Any suggestion would be researched before being adopted, so I don't think a
failure would be disastrous.

------
sytelus
Looks like ETFs like SPY, GLD, OIL etc doesn't work. The interface could be
less jumping from page to page. I would prefer something more simpler and
straight forward:

-Enter few symbols (including ETFs), for which you are interested

-show actual data you have for them (like who bough & sold)

-Show your ML predictions

-Show related stocks/ETF to balance out portfolio

------
paradite
On a side note, I think the color scheme is a bit odd and not very comfortable
to the eye.

------
Thorman
How do you rank the list of stocks in the "smart money manager" results?
Typically rankings for this type of search are done by percentage of
portfolio, but that definitely does not appear to be the case here.

------
fru2013
Nice work!
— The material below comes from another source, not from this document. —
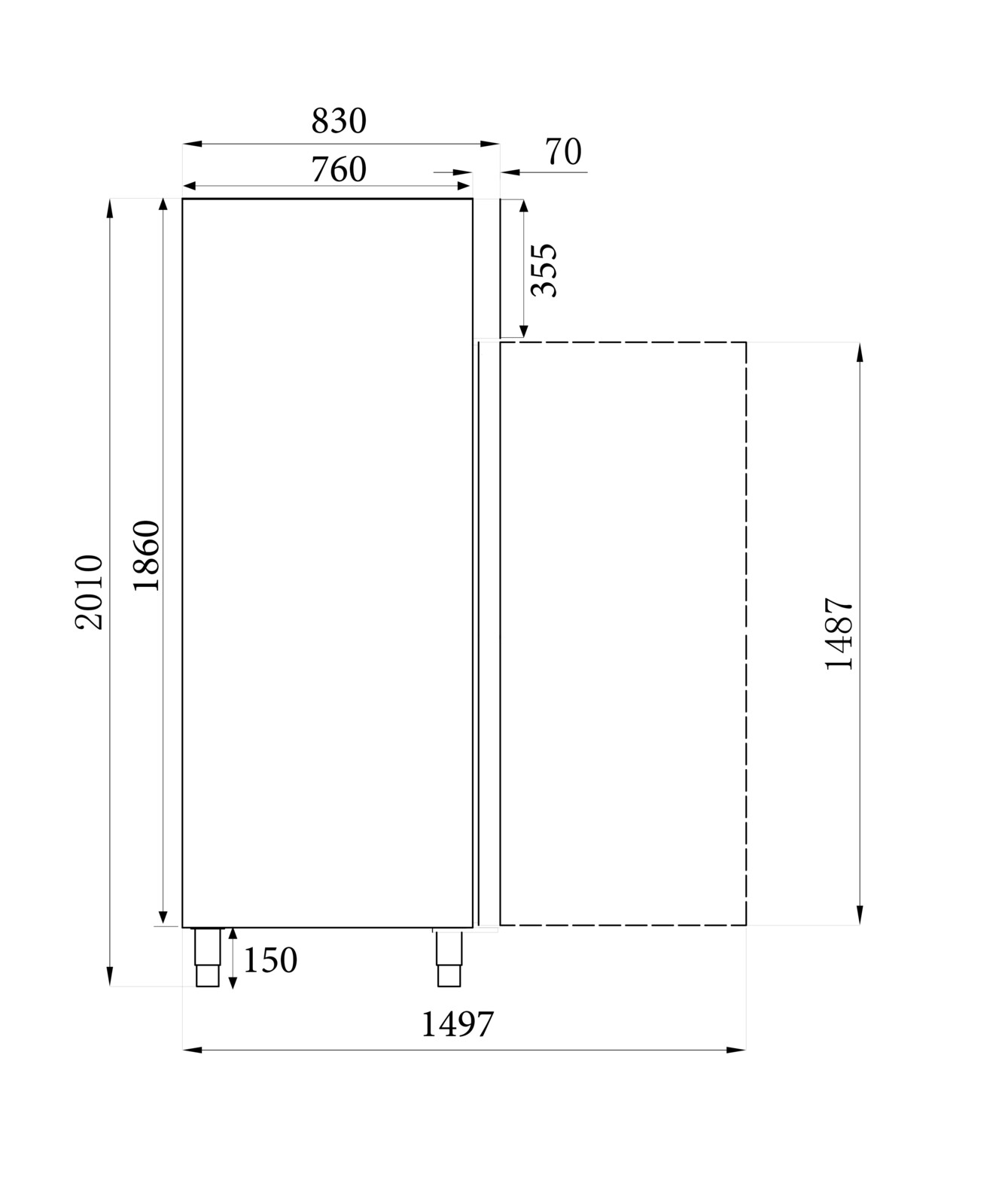 Combisteel 2-Door Refrigerator, 1410L, Stainless Steel 2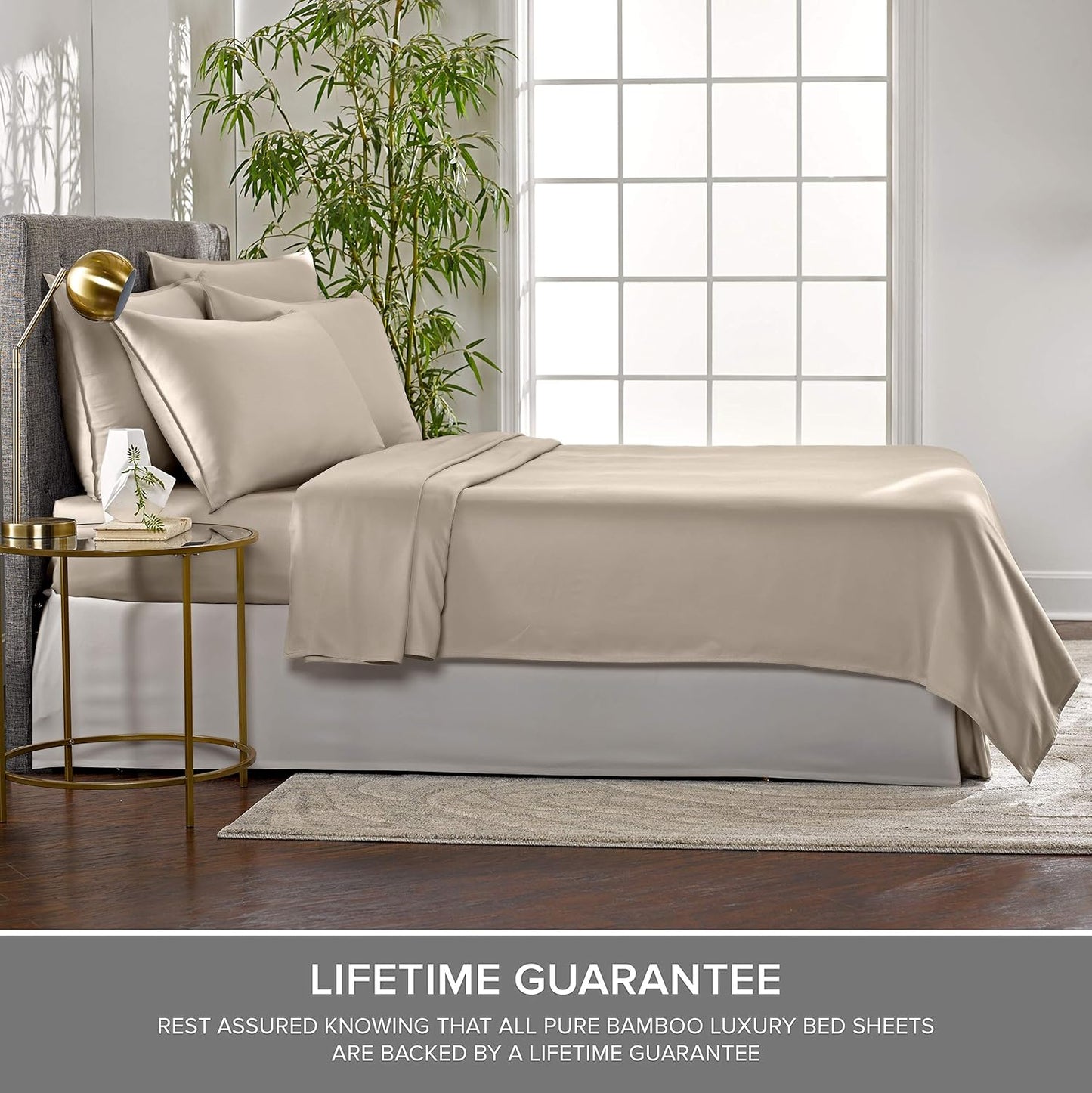 Split King Sheets by Pure Bamboo, Genuine 100% Organic Viscose Derived from Bamboo Bed Sheet Set, Soft & Cooling, Double Stitching *Not for Split Top (Split King, Sand)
It would be interesting to write a bot that tracks a portfolio
based on the recommendations from this to see how it performs against other
strategies.

------
avinassh
If I want to start writing such algorithms, where should I start? No, I am
gonna test with real money and hope to become to rich. I just want to learn
for fun

------
tacos
Checking the HN guidelines... hmm. I understand not picking on someone who's
just ported Linux to some micro that absolutely doesn't matter. And I
understand being gentle with someone who's earnestly re-invented the wheel,
badly.

But this is such a horrible idea I think it needs to be shot down and shut
down. And I'm obviously not talking about anything related to the technology
behind the site.

If you think for a half second that millions of dollars of Amazon instances
aren't doing this, for real, and for better... then you shouldn't be in the
market at all.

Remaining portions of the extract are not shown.